And that's why I think these designers are so crappy.  That's exactly what they're trying to do - take a small design and try to fit it on to an average sized body.  What they should be doing, instead, is looking at who they're designing for and go ahead accordingly.  It then wouldn't be so hard.  They wouldn't have to make changes and accommodations because they'd be working with a good design in the first places.  That's the mark of a good designer and very few people on PR measure up.  Pun intended!  😄 

YES!  You just stated what I was trying to say but didn't.  Designers that only have one style or type of design aren't really designers, they are sewers who've found their niche.  Women with boobs can't wear dresses or tops with tiny triangles of fabric.  Most women do NOT want their hips and butts to look bigger.  That black and white dress they loved would ONLY work on the skinny model.  Anyone with an actual shape would have looked ridiculous.  Most women are not 5' 10" or above and not all short people are also tiny.  A lot of the designers don't put on sleeves (which, for some reason, even thin women want occasionally🙄) because it is extra work to fit them properly.  

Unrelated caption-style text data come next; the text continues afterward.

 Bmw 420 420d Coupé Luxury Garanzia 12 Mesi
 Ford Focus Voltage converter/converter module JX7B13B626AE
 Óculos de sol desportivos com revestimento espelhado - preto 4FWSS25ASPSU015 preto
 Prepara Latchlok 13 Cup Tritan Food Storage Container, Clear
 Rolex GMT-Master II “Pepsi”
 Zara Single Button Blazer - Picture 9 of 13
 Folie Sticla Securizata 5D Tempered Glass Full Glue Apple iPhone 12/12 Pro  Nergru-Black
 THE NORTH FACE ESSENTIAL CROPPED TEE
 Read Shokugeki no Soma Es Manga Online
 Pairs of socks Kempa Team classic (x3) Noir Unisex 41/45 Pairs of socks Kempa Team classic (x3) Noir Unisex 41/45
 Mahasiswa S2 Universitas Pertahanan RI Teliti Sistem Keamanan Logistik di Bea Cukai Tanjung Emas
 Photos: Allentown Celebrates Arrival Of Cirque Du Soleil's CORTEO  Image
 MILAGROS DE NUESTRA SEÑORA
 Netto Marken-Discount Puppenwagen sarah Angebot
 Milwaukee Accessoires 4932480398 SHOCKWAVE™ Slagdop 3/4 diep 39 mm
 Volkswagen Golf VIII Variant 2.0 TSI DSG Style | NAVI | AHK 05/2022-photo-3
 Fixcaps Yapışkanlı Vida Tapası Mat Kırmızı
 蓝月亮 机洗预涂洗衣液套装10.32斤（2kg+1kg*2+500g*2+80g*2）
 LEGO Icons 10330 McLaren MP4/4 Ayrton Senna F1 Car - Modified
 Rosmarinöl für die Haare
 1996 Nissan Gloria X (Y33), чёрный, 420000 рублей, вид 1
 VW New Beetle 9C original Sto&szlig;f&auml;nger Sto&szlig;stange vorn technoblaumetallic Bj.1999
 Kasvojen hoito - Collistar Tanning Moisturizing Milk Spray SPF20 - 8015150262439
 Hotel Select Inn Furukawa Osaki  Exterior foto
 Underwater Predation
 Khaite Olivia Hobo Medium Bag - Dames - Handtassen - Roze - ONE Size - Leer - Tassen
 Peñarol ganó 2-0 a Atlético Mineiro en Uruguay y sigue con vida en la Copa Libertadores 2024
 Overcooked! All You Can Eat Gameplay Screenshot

When Christian won his season, I didn't have that high of hopes for him because it seemed really focused on fashion for very thin women.  He has since really grown as a designer and really makes clothes a lot of people could actually wear.

11 hours ago, AntAnn said:

Raises hand because I’m almost 63. Pick me! Someone besides their mom, or a relative, because that has to be too emotional. I’d be the perfect stranger.

Yes, just because older women tend to want things like actual sleeves, bodices that aren't open to the navel, and micro mini skirts does not meant we want beige muumuus!  Older women can wear color!  They can wear print!  They can even wear body conscious dresses that show they have a shape and (gasp) sex appeal without cramming themselves in to some spandex horror that exposes every bump and bulge.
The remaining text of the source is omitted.